BRIBES DE SEDENTAROLOGIE POLITIQUE

les mondes sédentaires regardés depuis le bord de la route


Chassez le naturel...

Le rapport à la nature et au naturel m'a beaucoup occupée pendant ma thèse. Depuis, j'ai évolué sur ces sujets mais reste persuadée que cette fameuse "nature" et surtout ce qui est mis derrière cette bannière permet de mieux distinguer les clivages politiques et idéologiques.

Plus on clame haut et fort qu'on est hors nature et un être "tout culture", plus il s'avère qu'on est soumis à l'ordre biologique.

Qu'y a-t-il de culturel à refuser l'homoparentalité par exemple? J'y vois plutôt un refuge facile pour une pensée conservatrice qui vise, comme dans tout groupe social, à contrôler la reproduction et la dissémination ou non des "précieuses gamètes". Finalement, on en revient toujours au même: le vivant vise à se reproduire. POINT. Et je n'y vois rien de culturel. En revanche, parmi ceux qui s'imaginent supérieurs alors que leur obsession n'est pas différente de celle d'une bactérie, un certain nombre est tellement persuadé d'avoir raison qu'il ne rêve que de faire disparaître les avis divergents et parfois aussi les personnes qui osent les formuler.

Alors, oui, le concept de nature est politique dans un sens très concret.

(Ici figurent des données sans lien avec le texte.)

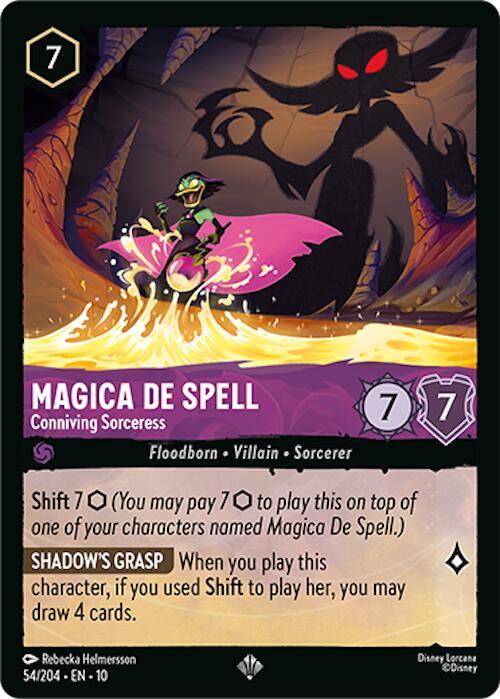 Magica De Spell - Conniving Sorceress-Whispers in the Well-Super Rare-Normal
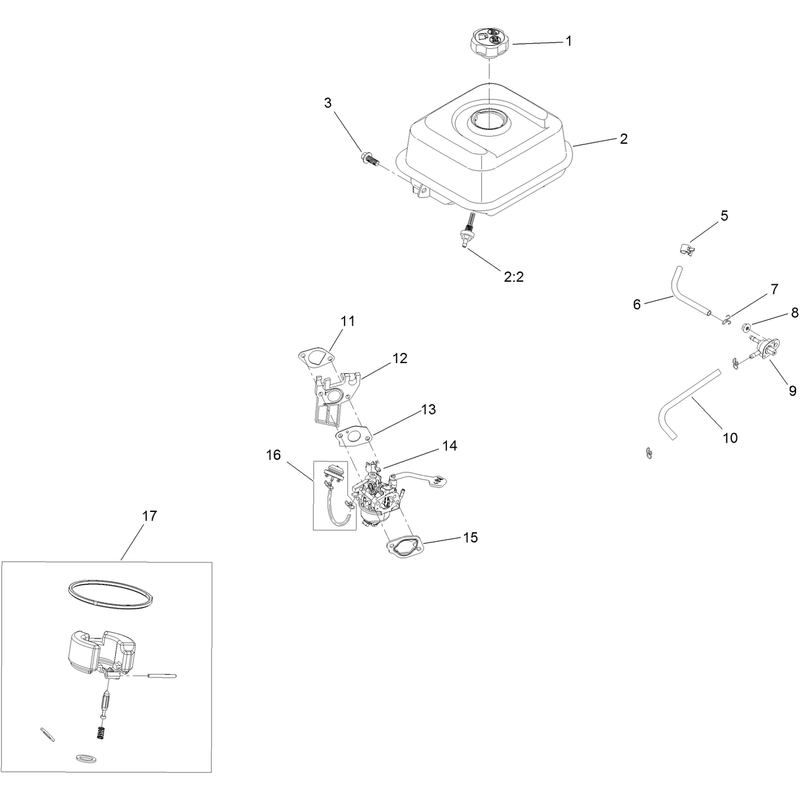 Fuel System and Carburetor Assembly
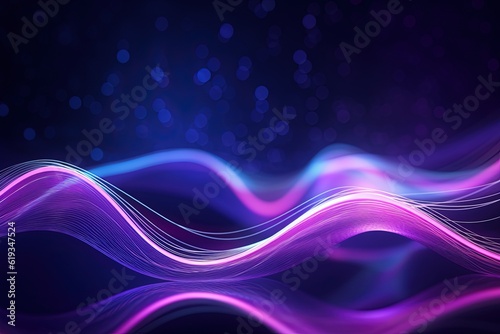 abstract futuristic background with gold PINK blue glowing neon moving high speed wave lines and bokeh lights. Data transfer concept Fantastic wallpaper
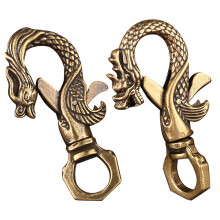 4Stk Schlüsselanhänger Karabiner Messing Mehrfarbig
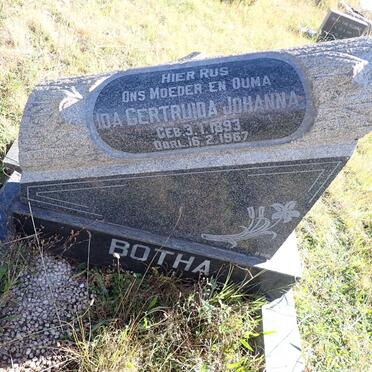 BOTHA Ida Gertruida Johanna 1893-1967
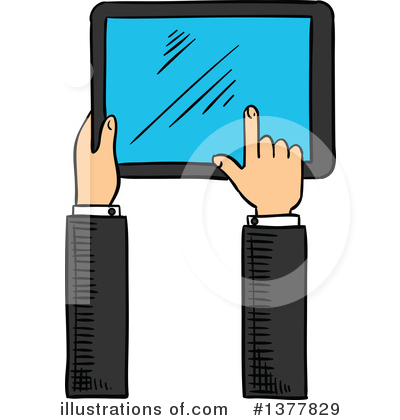 Computer Clipart #1377829 by Vector Tradition SM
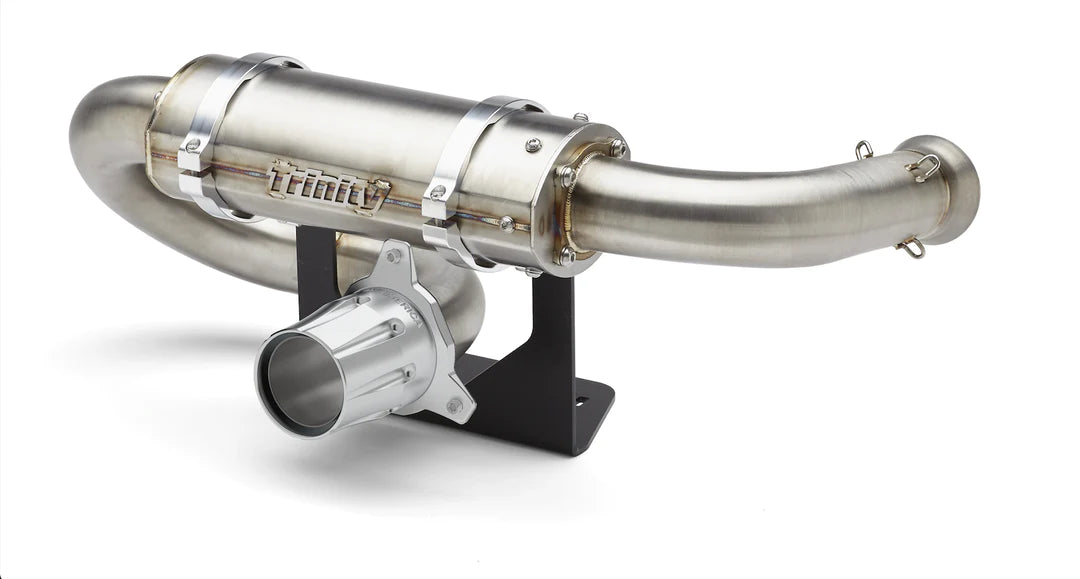 Trinity Racing Center Exit Slip-On Exhaust for Can-Am Maverick X3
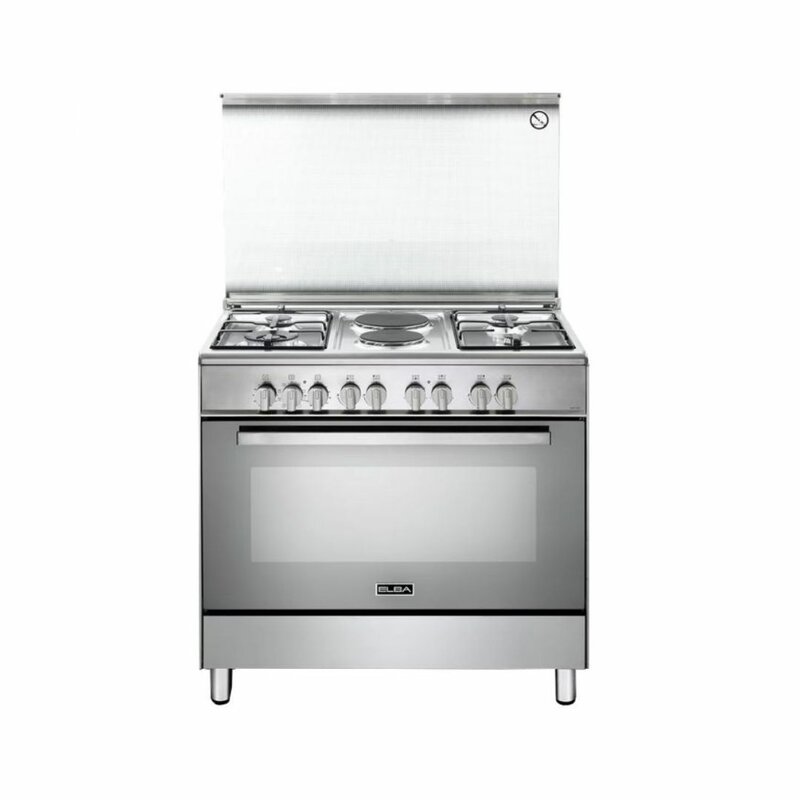 RAMTONS 4 GAS+2 90X60 ELECTRIC STAINLESS STEEL COOKER- EB/629 by Ramtons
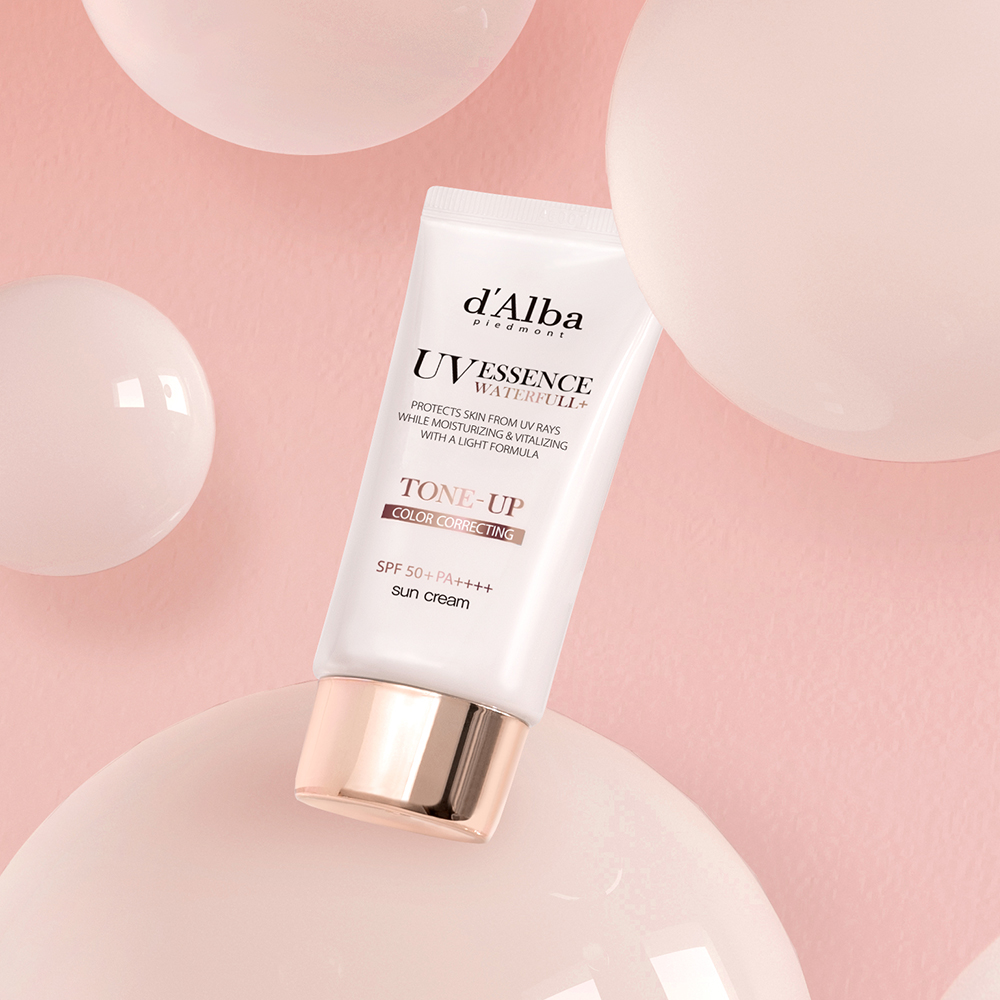 [1+1] 달바 비건 워터풀 핑크 톤업 선크림 50mlX2개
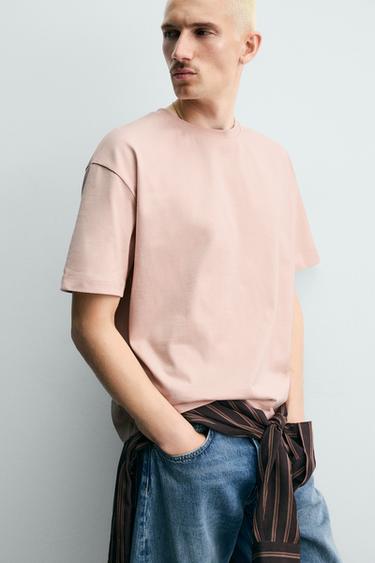 BASIC HEAVYWEIGHT T-SHIRT /03 - Faded pink by Zara - Image 5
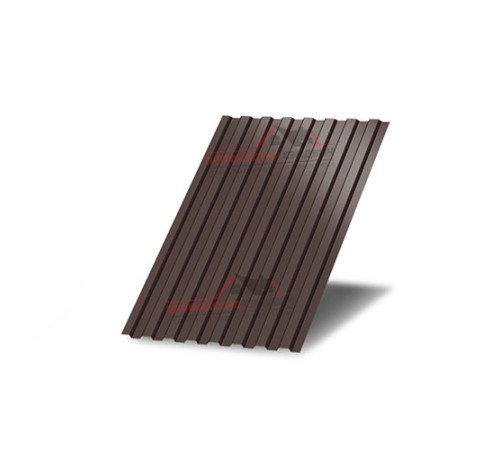 Купить профнастил С8 с нестандартной шириной 0,90 м толщина 0,55 окрашенный 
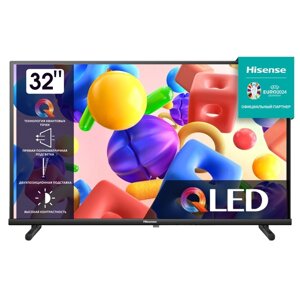 Телевизор hisense 32A5kq, 32", 1920x1080, DVB-T2/C/S2, HDMI 2, USB 2, smart TV, черный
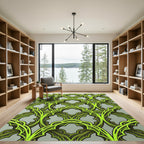 Luminous Lime Gothic Arch Rug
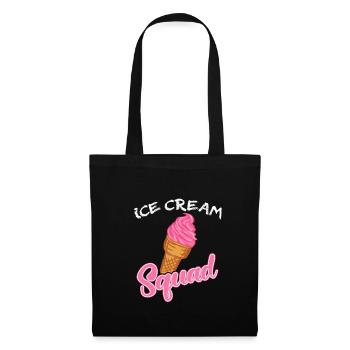 Ice Cream Squad Ice Cream Lover Birthday Crew - Tote Bag - black - Front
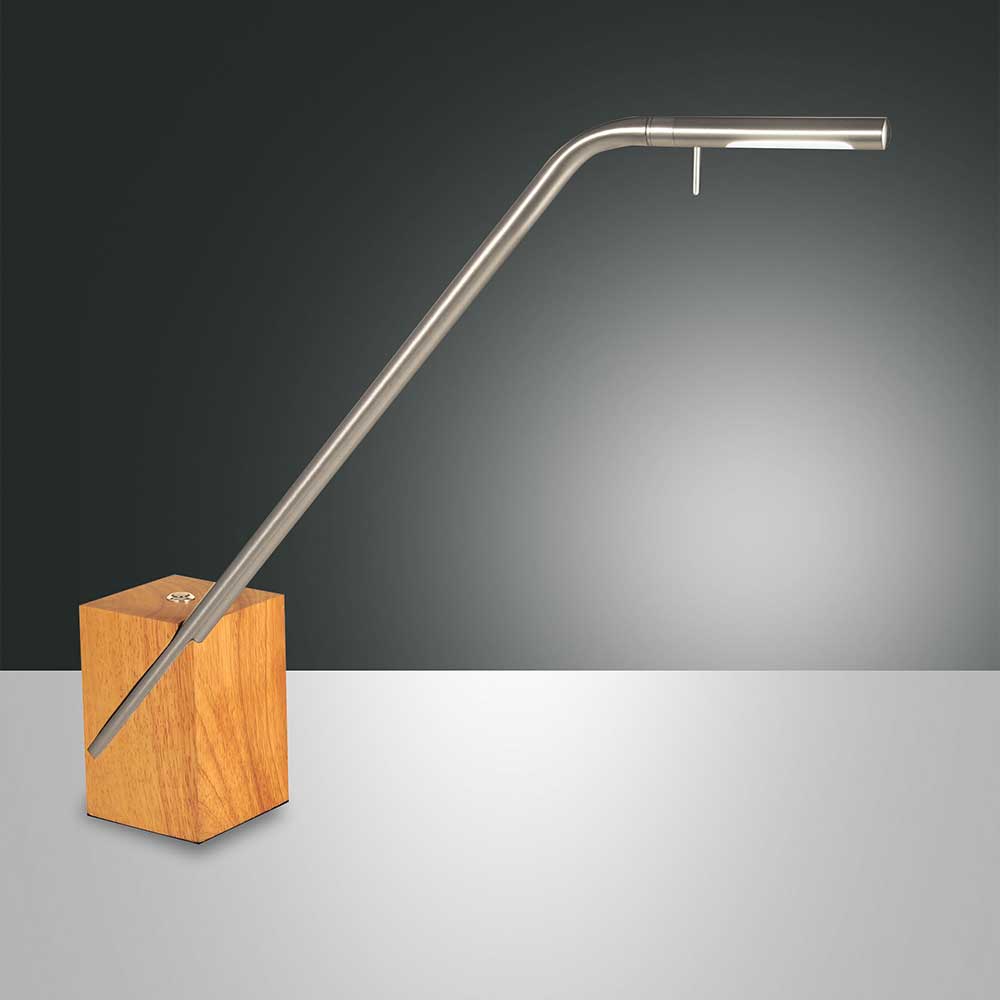 S.Luce Fabas Luce Viktor LED Tischleuchte aus Metall & Holz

Et je ne parle même pas de la vision niaise de la gentille nature, d'un autre côté de l'échiquier où des "âmes innocentes" se font cueillir si facilement par des sectes...

RELIRE MA THESE (texte issu de mon ancien site internet)

Le point de départ de mon travail de thèse était une interrogation : pourquoi paraissait-il évident à tant de gens que l'être humain était une créature supérieure? La réponse que j'ai articulée au cours de mon doctorat est très partielle et mérite de nombreux approfondissements mais elle me semble toujours relativement juste (elle serait liée au pouvoir exercé sur ce qui est perceptible du monde vivant et terrestre au sens large et à la spiritualisation de ce dernier : en considérant le pouvoir exercé sur la matière comme un pouvoir venu d'ailleurs, parfois de la matière elle-même, et en s'installant au centre du monde en se sédentarisant, avec de multiples nuances).

En revanche, ma manière de définir à l'époque la nature (j'ai soutenu en 2010), me semble aujourd'hui très insuffisante et entachée de graves erreurs de jugement. Aveuglée par ma volonté de prouver qu'il n'est pas normal pour un humain de se comporter selon la loi du plus fort, j'ai défendu l'idée que nous serions hors nature. Or, si l'adage voulant que "l'homme soit un loup pour l'homme" me paraît toujours aussi faux, il est aussi incomplet. Il faut, en effet, lui ajouter, et la précision est loin d'être un détail : l'homme peut être un loup pour l'homme et cela n'est pas considéré comme normal A L'INTERIEUR DU GROUPE D'APPARTENANCE.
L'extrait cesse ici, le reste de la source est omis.